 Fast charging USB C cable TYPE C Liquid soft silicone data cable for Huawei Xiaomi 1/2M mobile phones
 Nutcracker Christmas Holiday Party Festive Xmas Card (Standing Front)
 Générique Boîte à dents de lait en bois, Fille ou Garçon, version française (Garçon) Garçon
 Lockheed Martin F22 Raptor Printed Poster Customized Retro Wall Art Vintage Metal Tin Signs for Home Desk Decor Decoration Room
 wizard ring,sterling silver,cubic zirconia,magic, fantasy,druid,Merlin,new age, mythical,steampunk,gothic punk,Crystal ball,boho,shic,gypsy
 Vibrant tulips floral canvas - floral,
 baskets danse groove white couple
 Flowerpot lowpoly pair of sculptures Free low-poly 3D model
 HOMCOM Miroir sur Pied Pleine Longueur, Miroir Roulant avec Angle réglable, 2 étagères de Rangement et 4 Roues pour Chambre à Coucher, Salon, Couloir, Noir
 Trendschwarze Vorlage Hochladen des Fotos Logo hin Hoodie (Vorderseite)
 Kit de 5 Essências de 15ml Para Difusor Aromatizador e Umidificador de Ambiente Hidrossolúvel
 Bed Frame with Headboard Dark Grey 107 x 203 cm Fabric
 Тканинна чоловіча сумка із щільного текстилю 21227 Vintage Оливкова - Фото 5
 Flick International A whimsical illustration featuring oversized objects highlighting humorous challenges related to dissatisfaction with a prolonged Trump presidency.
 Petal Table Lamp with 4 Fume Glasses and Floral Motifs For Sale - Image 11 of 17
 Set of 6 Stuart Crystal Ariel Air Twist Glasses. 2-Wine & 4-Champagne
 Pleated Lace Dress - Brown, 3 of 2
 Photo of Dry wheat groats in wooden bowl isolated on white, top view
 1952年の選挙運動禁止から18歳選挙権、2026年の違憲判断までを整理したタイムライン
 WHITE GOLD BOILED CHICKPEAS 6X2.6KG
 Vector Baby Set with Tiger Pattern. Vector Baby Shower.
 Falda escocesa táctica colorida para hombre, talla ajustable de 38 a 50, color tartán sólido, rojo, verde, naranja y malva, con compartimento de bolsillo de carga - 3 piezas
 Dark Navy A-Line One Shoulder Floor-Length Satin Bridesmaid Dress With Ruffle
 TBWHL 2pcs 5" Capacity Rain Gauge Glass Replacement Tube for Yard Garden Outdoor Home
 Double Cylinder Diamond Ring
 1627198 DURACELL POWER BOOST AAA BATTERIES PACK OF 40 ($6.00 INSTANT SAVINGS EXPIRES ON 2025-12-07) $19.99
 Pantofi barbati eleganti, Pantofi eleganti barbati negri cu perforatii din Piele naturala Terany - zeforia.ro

···

Exercise goal: Your task is to retype the records above exactly.

Solved exercise:
 Fast charging USB C cable TYPE C Liquid soft silicone data cable for Huawei Xiaomi 1/2M mobile phones
 Nutcracker Christmas Holiday Party Festive Xmas Card (Standing Front)
 Générique Boîte à dents de lait en bois, Fille ou Garçon, version française (Garçon) Garçon
 Lockheed Martin F22 Raptor Printed Poster Customized Retro Wall Art Vintage Metal Tin Signs for Home Desk Decor Decoration Room
 wizard ring,sterling silver,cubic zirconia,magic, fantasy,druid,Merlin,new age, mythical,steampunk,gothic punk,Crystal ball,boho,shic,gypsy
 Vibrant tulips floral canvas - floral,
 baskets danse groove white couple
 Flowerpot lowpoly pair of sculptures Free low-poly 3D model
 HOMCOM Miroir sur Pied Pleine Longueur, Miroir Roulant avec Angle réglable, 2 étagères de Rangement et 4 Roues pour Chambre à Coucher, Salon, Couloir, Noir
 Trendschwarze Vorlage Hochladen des Fotos Logo hin Hoodie (Vorderseite)
 Kit de 5 Essências de 15ml Para Difusor Aromatizador e Umidificador de Ambiente Hidrossolúvel
 Bed Frame with Headboard Dark Grey 107 x 203 cm Fabric
 Тканинна чоловіча сумка із щільного текстилю 21227 Vintage Оливкова - Фото 5
 Flick International A whimsical illustration featuring oversized objects highlighting humorous challenges related to dissatisfaction with a prolonged Trump presidency.
 Petal Table Lamp with 4 Fume Glasses and Floral Motifs For Sale - Image 11 of 17
 Set of 6 Stuart Crystal Ariel Air Twist Glasses. 2-Wine & 4-Champagne
 Pleated Lace Dress - Brown, 3 of 2
 Photo of Dry wheat groats in wooden bowl isolated on white, top view
 1952年の選挙運動禁止から18歳選挙権、2026年の違憲判断までを整理したタイムライン
 WHITE GOLD BOILED CHICKPEAS 6X2.6KG
 Vector Baby Set with Tiger Pattern. Vector Baby Shower.
 Falda escocesa táctica colorida para hombre, talla ajustable de 38 a 50, color tartán sólido, rojo, verde, naranja y malva, con compartimento de bolsillo de carga - 3 piezas
 Dark Navy A-Line One Shoulder Floor-Length Satin Bridesmaid Dress With Ruffle
 TBWHL 2pcs 5" Capacity Rain Gauge Glass Replacement Tube for Yard Garden Outdoor Home
 Double Cylinder Diamond Ring
 1627198 DURACELL POWER BOOST AAA BATTERIES PACK OF 40 ($6.00 INSTANT SAVINGS EXPIRES ON 2025-12-07) $19.99
 Pantofi barbati eleganti, Pantofi eleganti barbati negri cu perforatii din Piele naturala Terany - zeforia.ro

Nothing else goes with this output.